## Extracted entries

'''

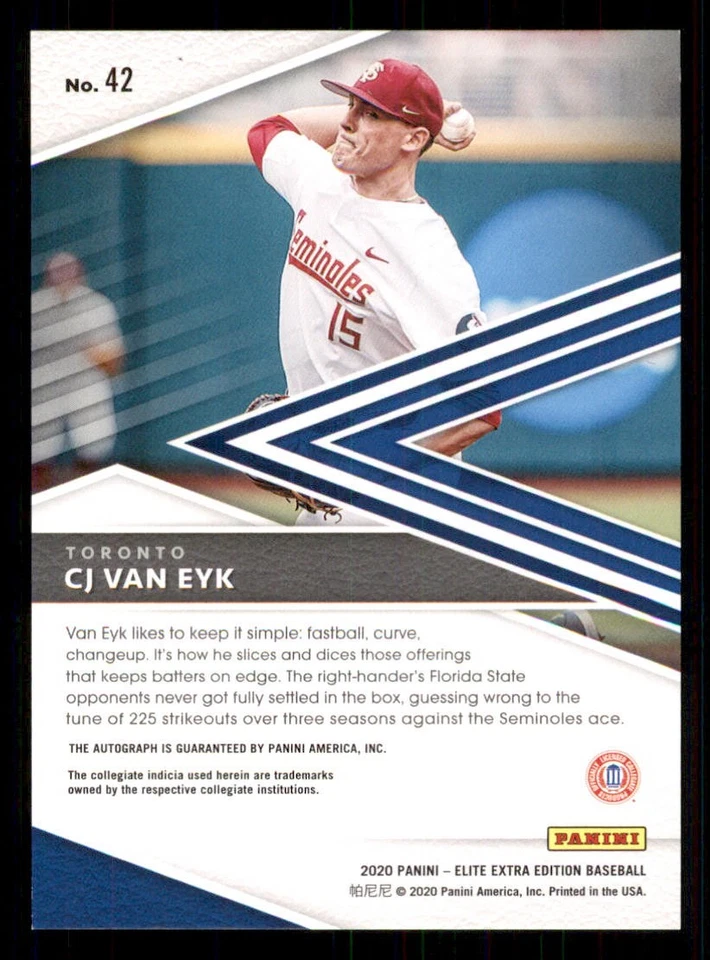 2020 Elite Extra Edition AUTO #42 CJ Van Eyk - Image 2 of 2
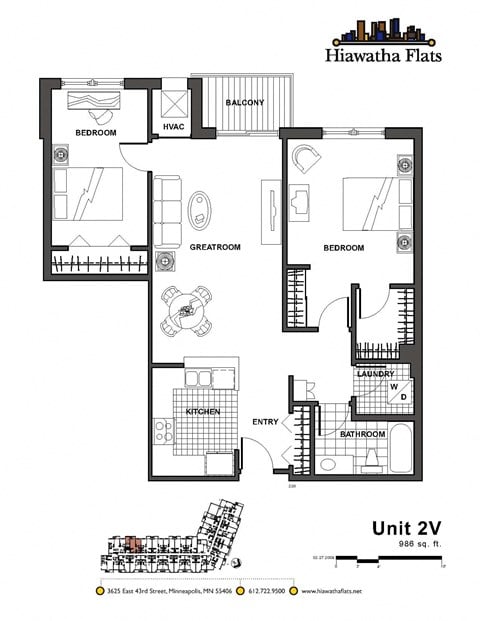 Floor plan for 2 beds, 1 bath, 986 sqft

'''
'''

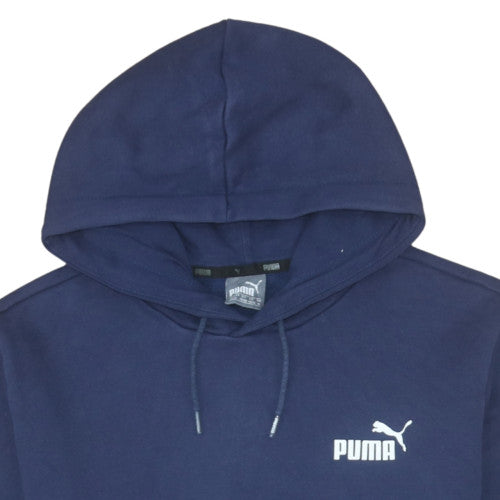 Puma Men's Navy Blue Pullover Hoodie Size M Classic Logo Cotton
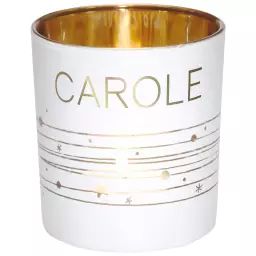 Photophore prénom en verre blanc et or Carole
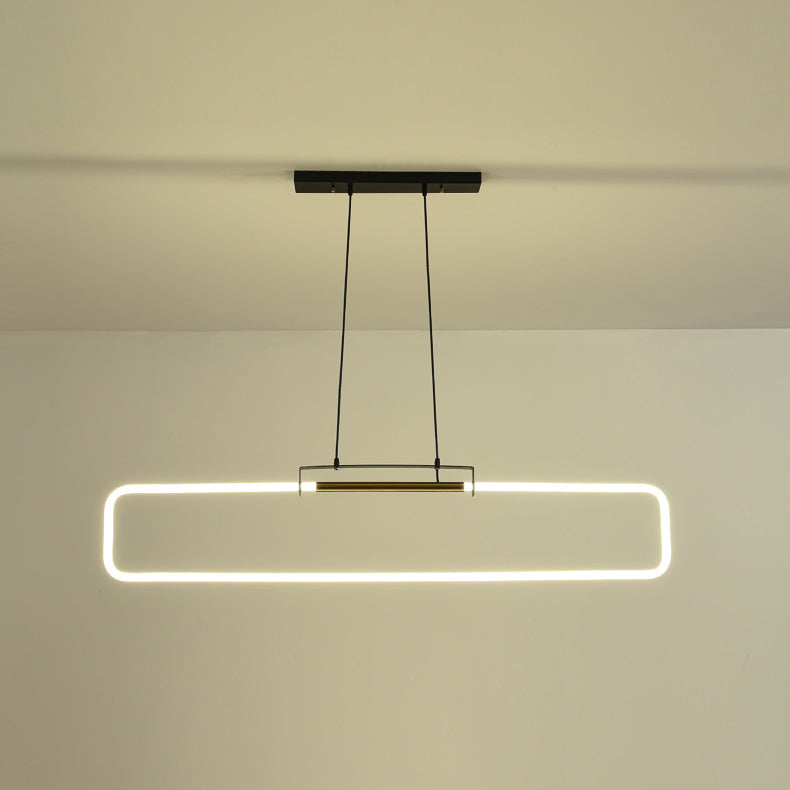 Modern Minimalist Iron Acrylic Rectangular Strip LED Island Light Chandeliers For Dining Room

'''
'''

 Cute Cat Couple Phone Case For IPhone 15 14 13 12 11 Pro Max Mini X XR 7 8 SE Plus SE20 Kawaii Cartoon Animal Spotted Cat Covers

'''

## What the exercise asks
Only one stretch of the material above is wanted: the line containing "Photophore prénom en" through the line containing "Modern Minimalist Iron". Restate it word for word, minus the pictures.

## Problem solution
 Photophore prénom en verre blanc et or Carole
 Modern Minimalist Iron Acrylic Rectangular Strip LED Island Light Chandeliers For Dining Room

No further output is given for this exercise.